Malgré tout, j’ai sombré dans une espèce de peur des autres qui me faisait commettre pas mal de maladresses à ton égard. Tu as nécessairement senti que quelque chose clochait, c’est pourquoi, je suppose, tu as mis de l’espace entre nous, en te montrant particulièrement brusque. Je me souviens notamment de ce jour où, pour flatter ton goût de l’aviation (pilotes-tu toujours régulièrement ?), je t’ai fait un superbe dessin d’avion militaire. Sans explication, tu as semblé irrité par mon cadeau et me l’as rendu en me disant qu’il était moche, que tu n’en voulais pas. Je l’ai froissé et jeté dans la corbeille à papiers de la classe. Ce que tu ignores c’est que quelques temps plus tard, j’ai vu dans ton classeur, dans une pochette plastique, mon dessin soigneusement mis à plat : tu avais été le récupérer dans la poubelle à mon insu ! Cette anecdote est très caractéristique de ta personnalité que je n’ai jamais pu cerner. Je ne comprenais pas plus tes accès de gentillesse que ton mépris occasionnel.

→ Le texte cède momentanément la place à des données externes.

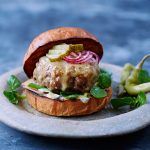 goat meat burger with lettuce, onions and gherkin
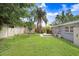 Expansive backyard with a well-maintained lawn, shed, privacy fence, and access to a deck at 4105 W Bay Villa Ave, Tampa, FL 33611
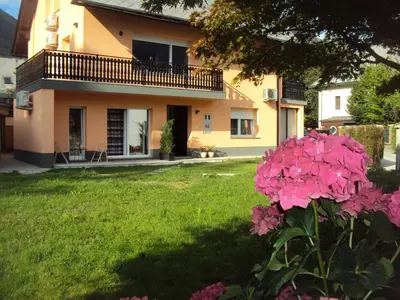 a house with pink flowers in the yard at Apartment Japka in Bovec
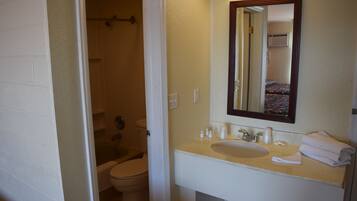 A bathroom with a white sink, mirror, and toilet.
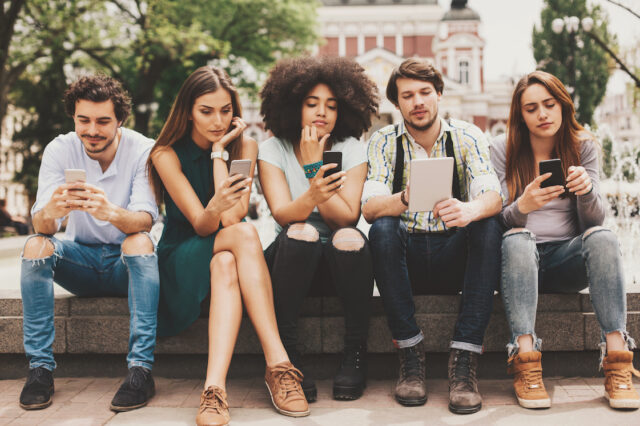 Group of mixed race people looking at mobile phones and tablets outdoors at urban setting
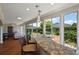 Entertainer's sunroom featuring granite countertops, bar seating, and serene backyard views at 1175 Johnston Path, The Villages, FL 32162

Cet éloignement progressif entre nous n’a fait que renforcer mon sentiment d’infériorité et d’exclusion. Ce n’est que l’année suivante, en rencontrant Mathieu (par discrétion, je ne te précise pas son nom, mais tu devineras sans doute de qui il s’agit) que j’allais reprendre pied… mais en fonçant tête la première entre les griffes de ce garçon égoïste et hypocrite.
Voilà une bien longue lettre. Et tu ne sais toujours pas pourquoi je t’écris. Moi non plus, rassure-toi. Mais ce n’est pas pour te déclarer ma flamme. Simplement parce que j’avais envie de te dire que… depuis toi, je sais que l’homme avec qui je ferai ma vie, si j’ai la chance de le rencontrer un jour, ne devra pas seulement m’attirer physiquement, mais aussi et surtout posséder des qualités morales que je puisse admirer et des valeurs que nous puissions partager.
Comment finir une telle lettre ? En te disant que je regrette que nos « trois jours » n’aient duré que le temps d’un jeudi ? Et que cette journée a ravivé en moi une certaine mélancolie ?
Bien à toi.
Note de l’auteur : Cette lettre ne fut jamais expédiée.